The app edits the photo for brightness and clarity and sends your notes to whatever cloud-based service you choose. You might want notes marked with a four-leaf clover to go straight to your Google Drive, while notes designated with a diamond arrive in your spouse's inbox.
Rocketbook
Some of Rocketbook's products are even reusable. When you write in the Rocketbook Everlast ($34) using any pen from the Pilot Frixion line, the ink erases with a damp cloth. That's because the notebook's pages are made from a polyester composite rather than wood.
The Rocketbook Wave ($27) zaps notes away when you heat it in the microwave, though it can only be nuked up to five times. Both notebooks use patent-pending technologies that the founders would not reveal - not even to the sharks.
How to swim with the sharks and not get eaten
According to Epstein, the "Shark Tank" producers found Rocketbook on their own. They invited the founders to apply to be on the show and flew them from Boston to Los Angeles.
Epstein said he and LeMay prepared for the show's taping by watching episodes of "Shark Tank." They wrote on index cards every type of question asked, and scribbled responses on the backs. When they arrived in Los Angeles, they walked with their heads buried in the index cards.

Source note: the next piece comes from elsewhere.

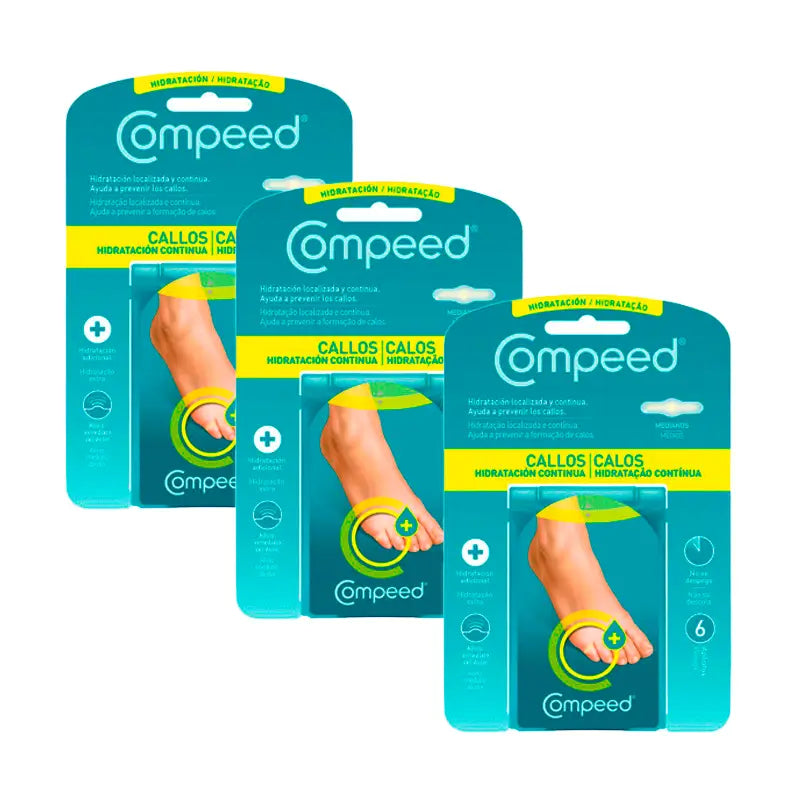 Compeed Pack High Heels, 3x5 Units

"We had a stack of index cards - I kid you not - five inches deep," Epstein said.
During the taping, the sharks peppered the founders with questions for about an hour. They talked over each other and interrupted the founders. In a word, it was "chaos," Epstein said.

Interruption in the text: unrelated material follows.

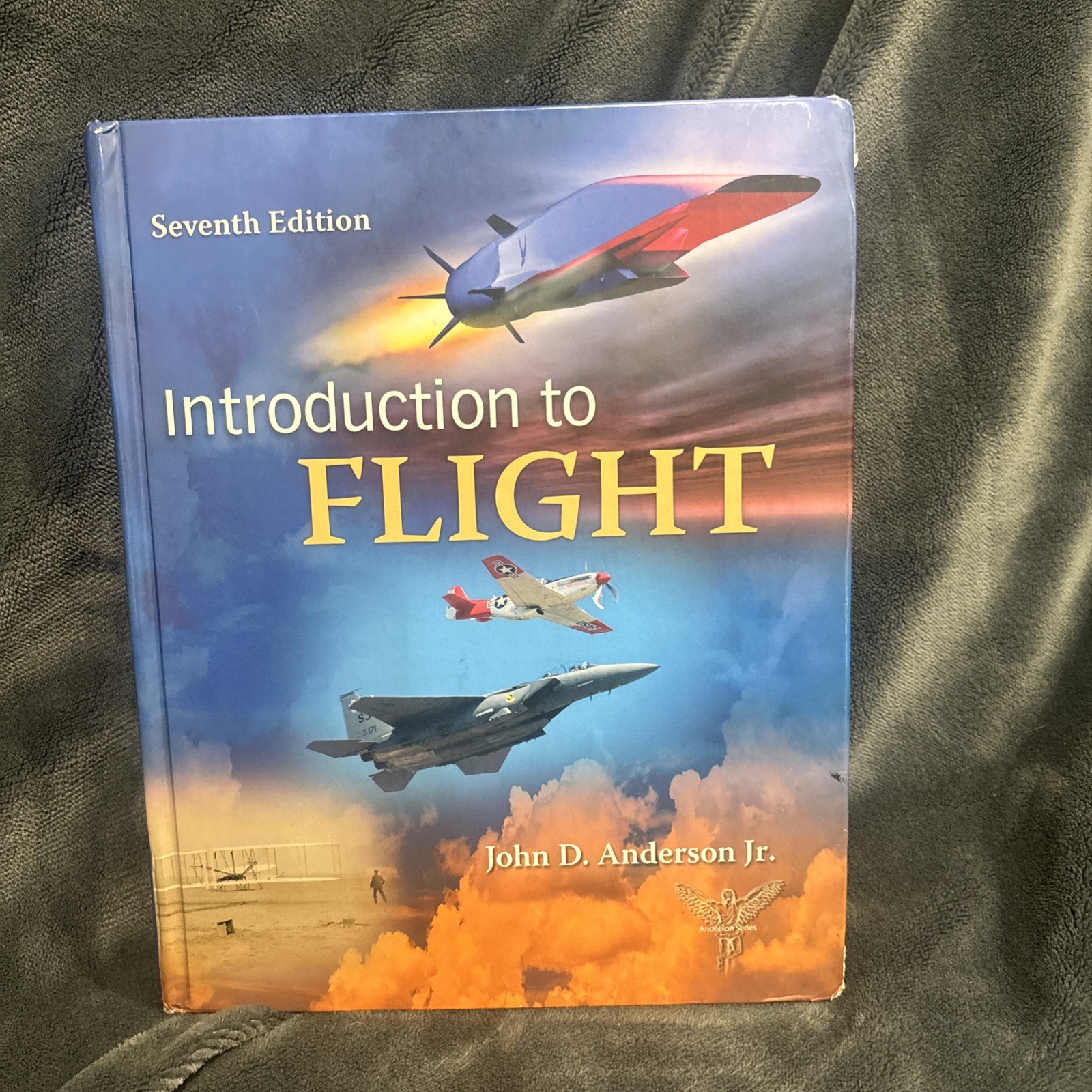 Introduction to Flight by John Anderson (2011, Hardcover)-7th Edition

Mark Cuban said the idea was crazy. Barbara Corcoran called it a gimmick.
Kevin O'Leary, another "Shark Tank" investor, suggested the founders were out of their minds to make a product that claims to be reusable. He asked how they intended to make money.
"The only reason I'm microwaving this book is to erase it, so I don't have to buy a new one. What's the matter with you guys?" O'Leary asked. "Don't you want to sell a second book?"
Rocketbook
By then, Rocketbook had already shipped 75,000 notebooks to crowdfunding backers and other customers. The founders told O'Leary that customers buy more notebooks because they like the Rocketbook system - that it sorts and preserves their notes where they can access them remotely.
Epstein actually got the idea for Rocketbook after leaving behind some important notes. He was working as a sales executive at Salesforce at the time and was pitching another executive at a mid-sized company to buy Salesforce's products. Epstein prepared extensive notes for the meeting.
"I reached into my bag to grab my notebook, where I had prepared pages and pages of notes to add value to this meeting. I pulled it out," he said, "and I had the wrong notebook."
He wasn't broken up about walking away from "Shark Tank" empty-handed. One month before the episode aired, Rocketbook raised over $2.5 million in a crowdfunding campaign for the Rocketbook Everlast, making it the most funded office supply product in Kickstarter history.